++++ Source material ++++

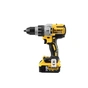 Шуруповерт DeWALT XR Li-Ion 18 В, 95 Нм, 2 АКБ + ЗП, рукоятка, кліпса, кейс (DCD996P3K) - зменшене зображення 3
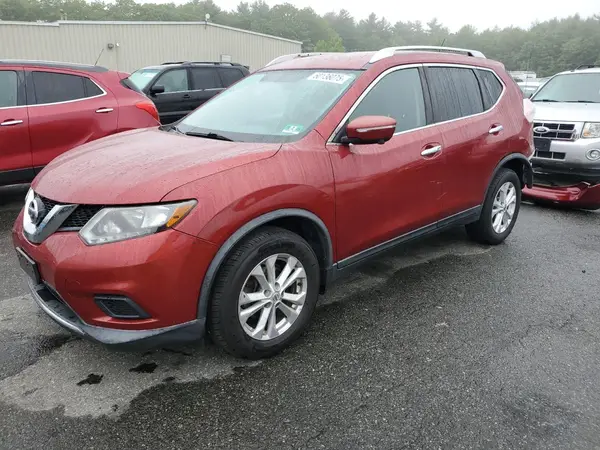 KNMAT2MV3GP678823 2016 NISSAN ROGUE - Image 1
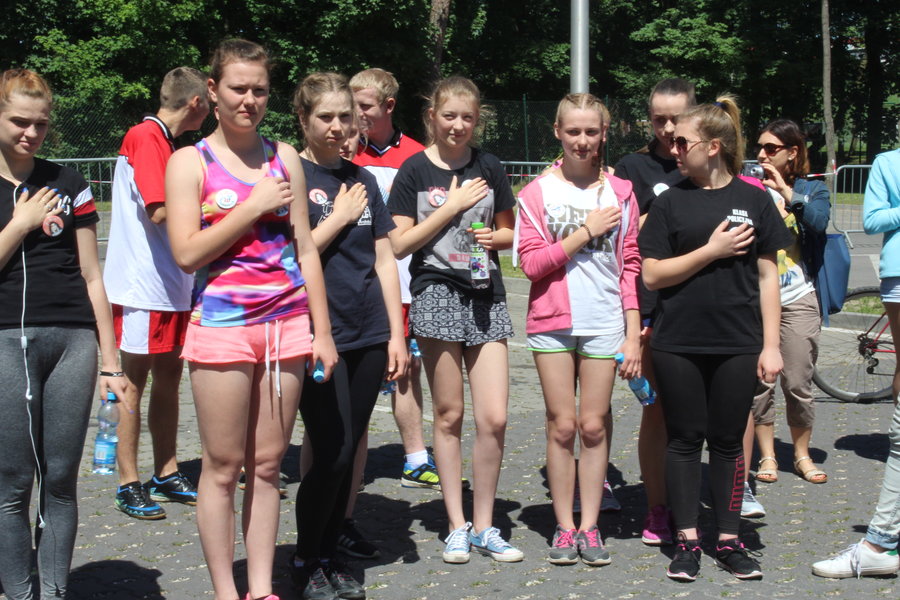 Pobiegli dla zdrowia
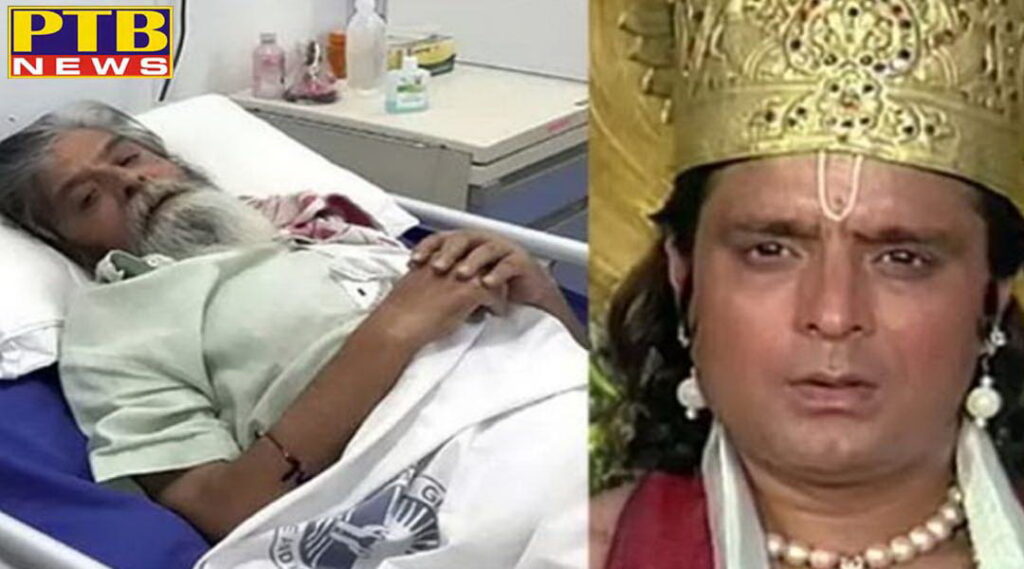 Actor Satish Kaul, who played Indradev of Mahabharata, passed away Delhi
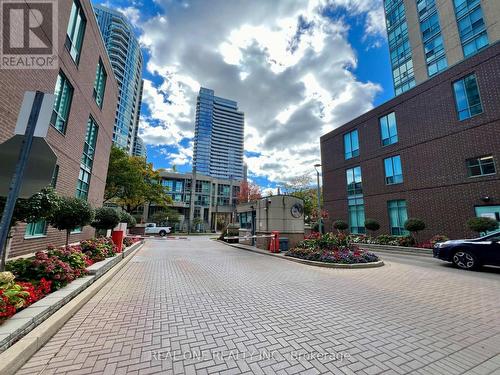 1005 - 28 Olive Avenue, Toronto, ON - Outdoor With Facade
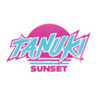 Tanuki Sunset Image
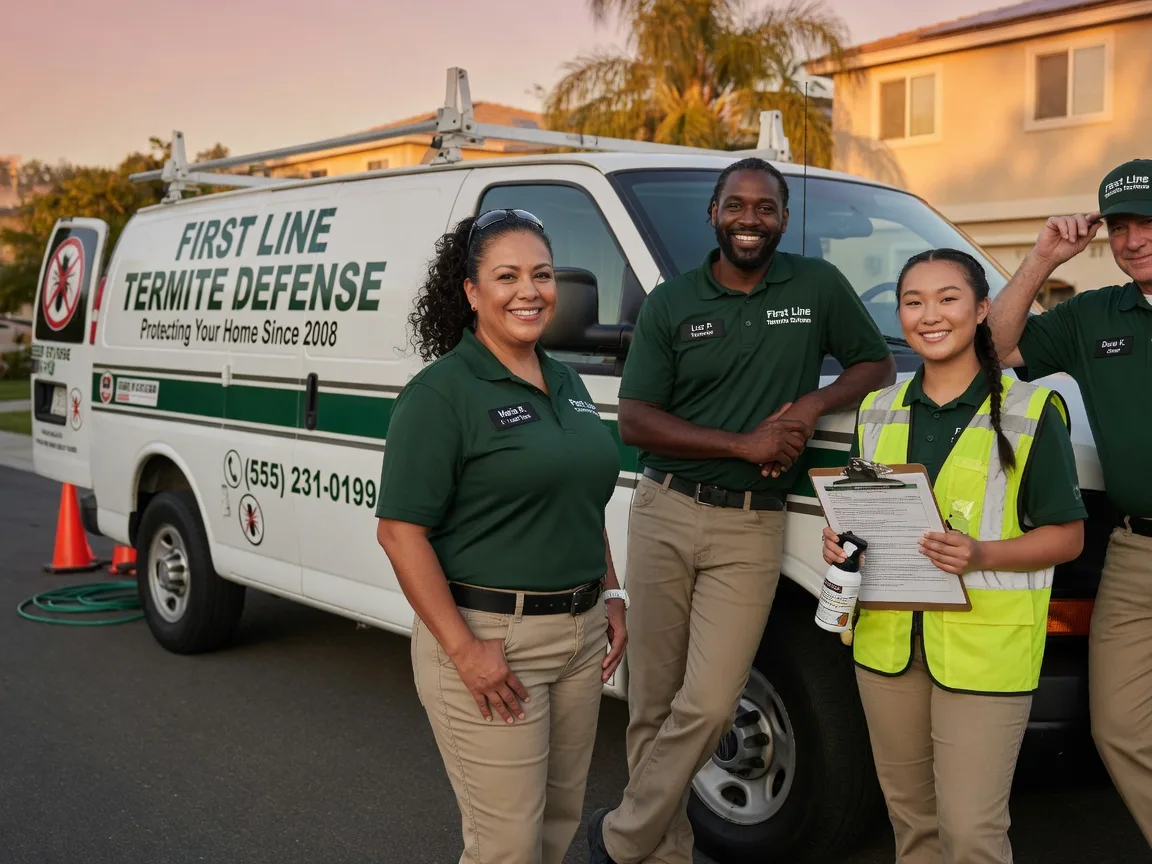 Termite Treatment company in Sea Island, GA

++++

Your task is to set down each line above verbatim while excluding the pictures.

 Шуруповерт DeWALT XR Li-Ion 18 В, 95 Нм, 2 АКБ + ЗП, рукоятка, кліпса, кейс (DCD996P3K) - зменшене зображення 3
 KNMAT2MV3GP678823 2016 NISSAN ROGUE - Image 1
 Pobiegli dla zdrowia
 Actor Satish Kaul, who played Indradev of Mahabharata, passed away Delhi
 1005 - 28 Olive Avenue, Toronto, ON - Outdoor With Facade
 Tanuki Sunset Image
 Termite Treatment company in Sea Island, GA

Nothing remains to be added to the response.